**Supplied material**
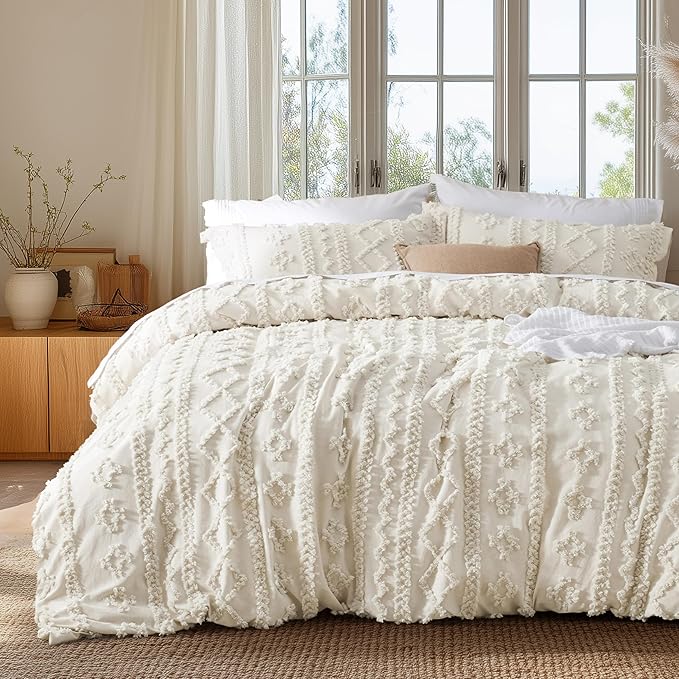 Bedsure Boho Duvet Cover Full Size, Soft & Comfortable Elegant Design Boho Bedding for Decoration, Machine Washable Comforter Cover for All Seasons,Includes 1 Duvet Cover & 2 Pillow Shams,Beige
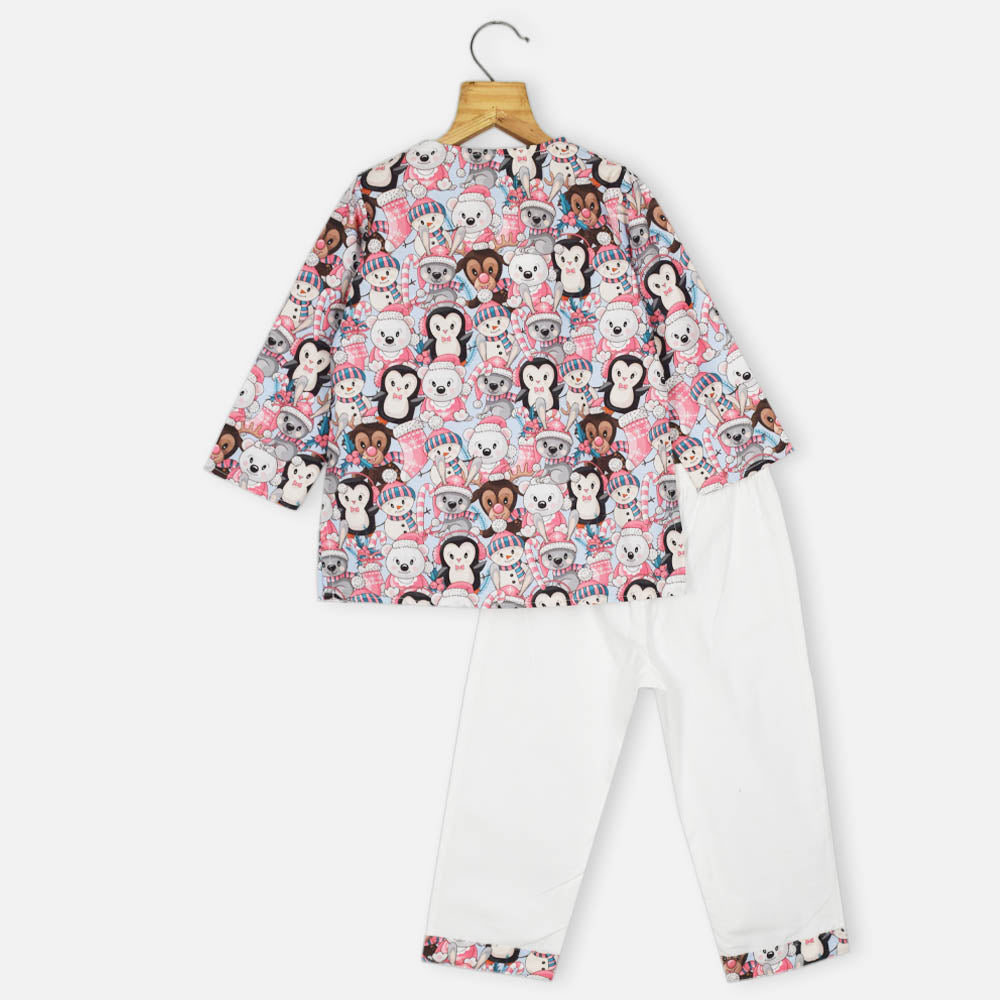Blue Snowman Theme Full Sleeves Night Suit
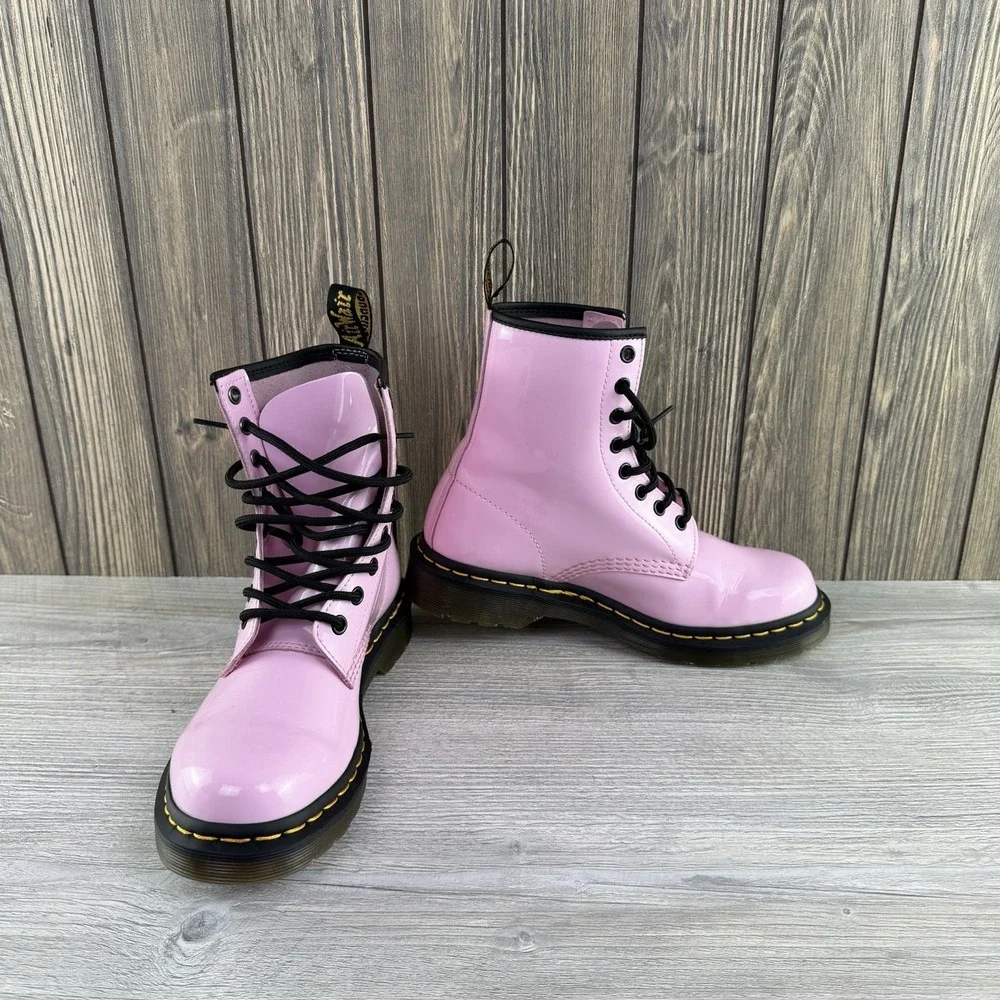 Dr Doc Martens Pink Black Combat Boots Barbie Patent Leather Women Size 7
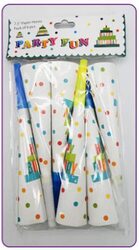 7.5-Inch Party Fun Happy Birthday Paper Horn, 6 Pieces, Yellow/Blue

**Your objective**
Find the line containing "Dr Doc Martens", then extract it and every line after it to the end of the data above, exactly and nothing else, without pictures.

**Solution below**
 Dr Doc Martens Pink Black Combat Boots Barbie Patent Leather Women Size 7
 7.5-Inch Party Fun Happy Birthday Paper Horn, 6 Pieces, Yellow/Blue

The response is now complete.